垂直落下式サミング

高慢と偏見とゾンビの垂直落下式サミングのレビュー・感想・評価

高慢と偏見とゾンビ(2016年製作の映画)
3.5
よくあるタイトルがオチみたいな作品かと思ったら、ちゃんと作り込んである。なかなか終末世界アクションしている映画。でありながら、原作の恋愛要素がちゃんと主軸なのがいい。
高慢と偏見の18世紀イギリスといえば、当時の世界の中心。産業革命の兆しがみえはじめて、さらに繁栄していく時代であるけれど、それと同時にコレラやペストや天然痘などの人を死に至らしめる病疫が大流行する。
この関連は、切っても切り離せない。
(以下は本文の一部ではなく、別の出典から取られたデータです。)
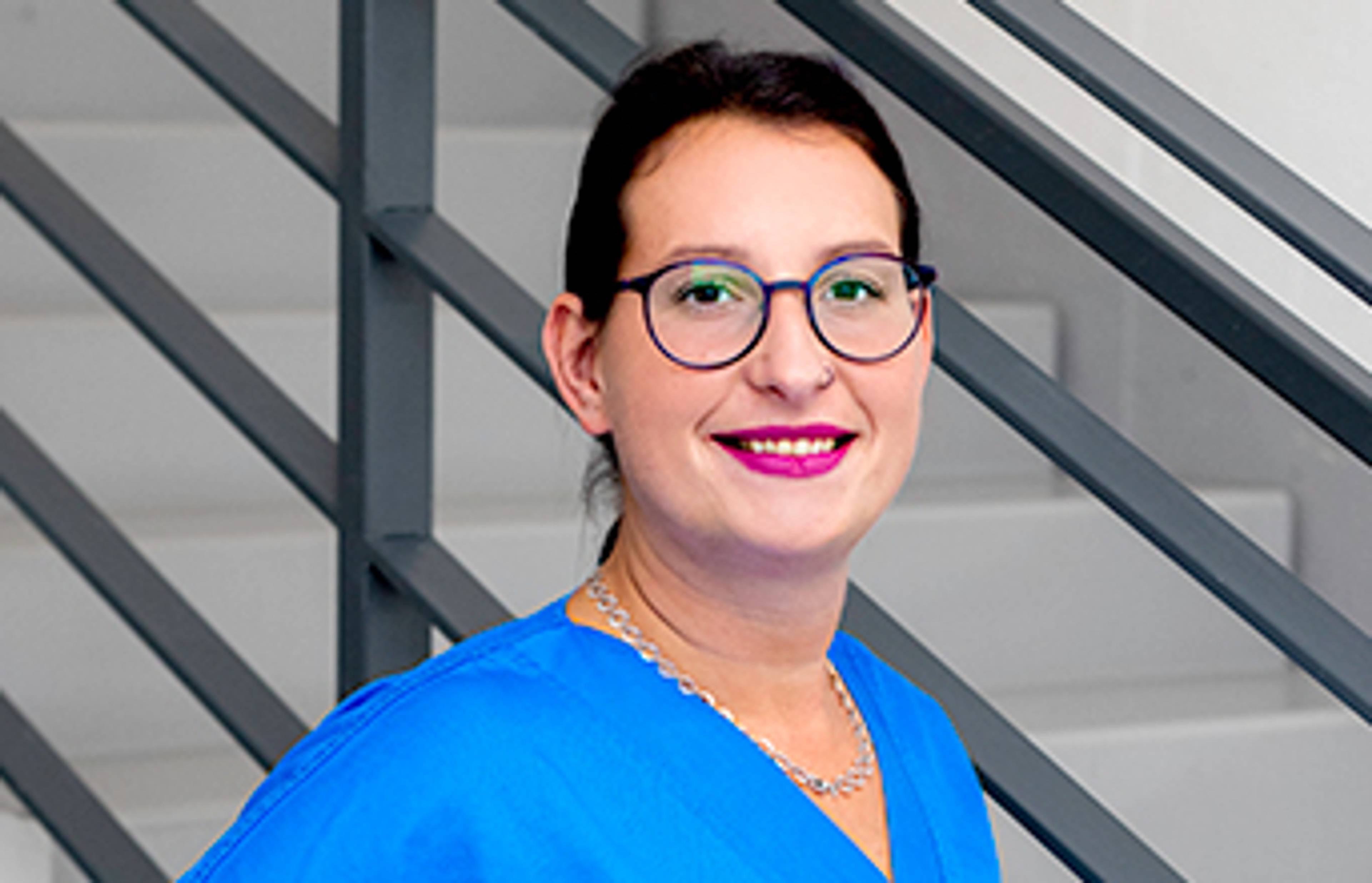 Marie Barabášová, zdravotní sestra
貿易航路で繋がった宗主国と植民地。この間でやり取りした、ヒト・モノ・カネ、いろんなもんが行ったり来たり戻ったりした時代だ。
今までは移病が流行ったとしても、発生した村の一個か二個を見捨てれば抑え込めていたのだけど、商人の通り道にその村があっただけで、世界規模のパンデミックとなって不幸を拡散してしまう事態となった。
最終的に、スペイン風邪は当時の世界人口の4分の1くらい感染して、そのうちの半数の人を殺すことになる。こういう事実があるから、この年代にゾンビというモチーフがマッチするのは必然と言える。
当たり前のようにゾンビを相手にカンフーしているのが面白いし、ガーターストッキングにナイフ装備の武装系女子とか、素敵なフェチズムじゃないですか。
特に存在感があった俳優は、マット・スミスさん。『ラストナイトインソーホー』のアイツとか、『モービウス』のアイツとか、主にカンジ悪くてイジワルな英国風紳士の役を得意としている俳優さんらしい。本作でも、しっかりと本領発揮していた。